Although not everyone can indulge their fantasies as much as Google, there are some serious messages about office design behind their thinking:

Work as a social and fun experience

Essentially, encouraging people to play and exchange ideas improves innovation. Additionally people want social environments, they go to work to learn, interact with smart people and enjoy themselves, not just pick up the paycheck. So there aren’t too many walls, everything is open plan to let the knowledge flow as quickly as possible, everyone is mobile and can work where they like.


Challenge conventional thinking

Putting a slide in the office isn’t just so people can get to one floor to another quickly. Its almost supernatural to see a slide, that you’d normally see in a playground. In an office environment it encourages the observer to think different about solutions to everything in day to day life….we also challenge you to use the slide without smiling…it’s impossible!

Dotcom companies are defined by beanbags and pizza but Google, a company that came to prominence after the bubble had burst, has taken that image to a whole new level.

Meeting ‘pods’ in the style of Swiss chalets and igloos, fireman poles to allow easy access between floors and a slide to ensure that people can get to the cafeteria as quickly as possible are all part of a design of its new European engineering headquarters in Zurich Switzerland.

The building was designed for – and partly by – the 300 engineers who will work there.

The wacky office is both a showcase for Google’s unconventional approach to business and a symbol to prove that Google is no longer a US-centric firm.


Let your employees know you value and care about them.

Google does, without doubt value its staff very highly and engineers are particularly important – over half of the company is made up of them. They are best served, according to Nelson Mattas, vice president of engineering, by both a creative work environment and a flat, open working structure. At a press day to launch its new research and development centre, he explained the serious point behind the ‘fun office’. “The lava lamps, free food and games are all part of the Google culture. It is informal and a structure that isn’t dictated from the top,” he said.

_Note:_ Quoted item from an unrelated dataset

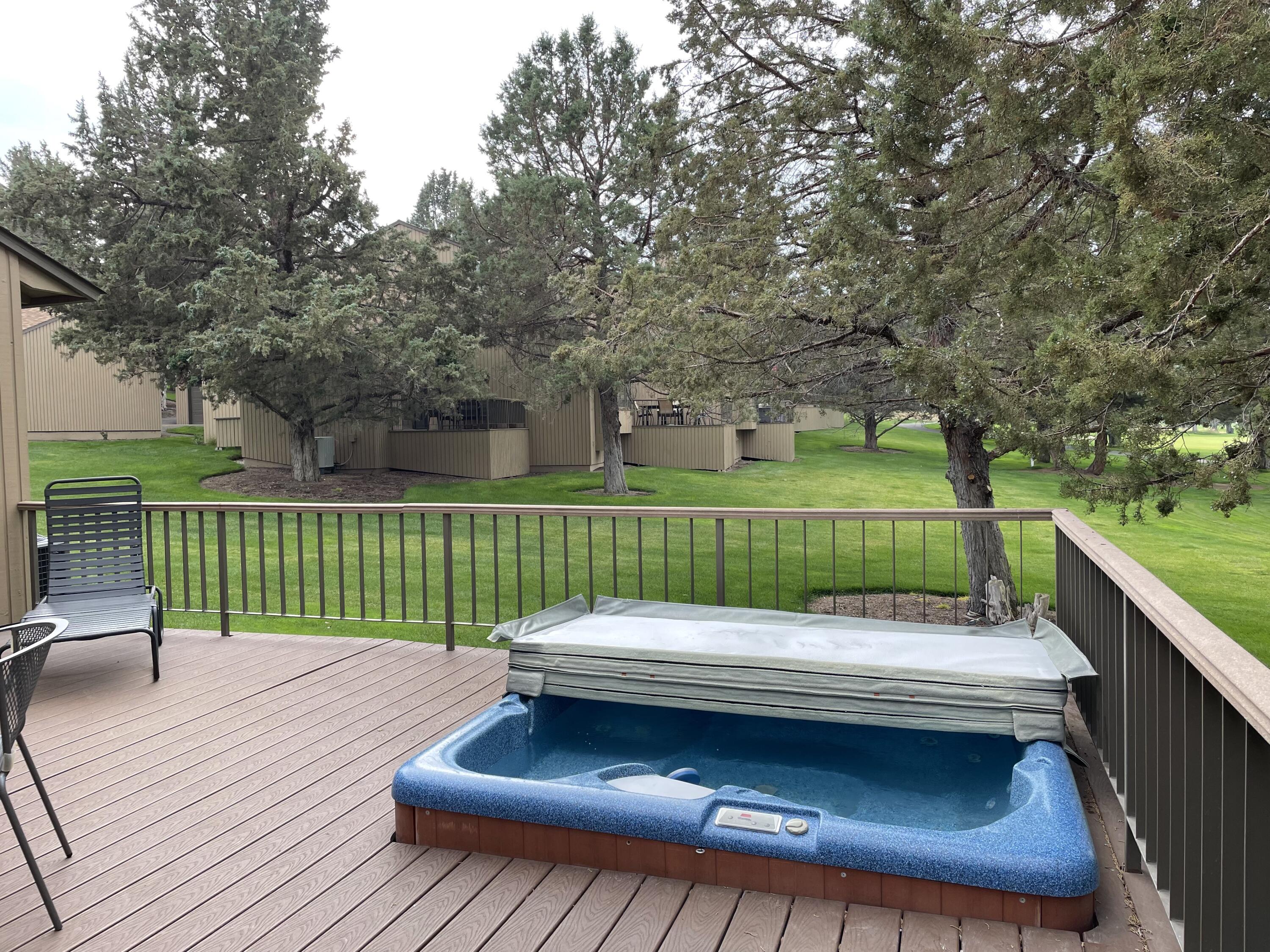 Eagle Crest - Residential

Breathe the Corporate Culture into the business and employees

The unconventional design of the office represents what Google hopes is a free flow of information through all parts of the company. “I was very surprised that on day one of joining Google I had access to every piece of code, design document and confidential information, said Mr Mattas.

A database of all ongoing projects allows engineers to easily locate expertise and a scheme known as 20% time offers engineers the chance to take that amount of time off from their key objectives to “go do something new”. It has proven itself, spawning features such as Google News which was built as a 20% project by an engineer frustrated about the availability of news following the 9/11 attacks.


Free flowing easy exchange of information

For Mario Queiroz, vice president of product management at Google, the balance of work and fun is just about right. “Beyond the good food and cool office it is the case that every conversation that you have here is one of substance,” he said.

Above all, if you were a bright young thing fresh out of school, top of your class with a choice to work anywhere, and maybe you hadn’t heard of Google and went along to their offices for an interview….which company would you choose?!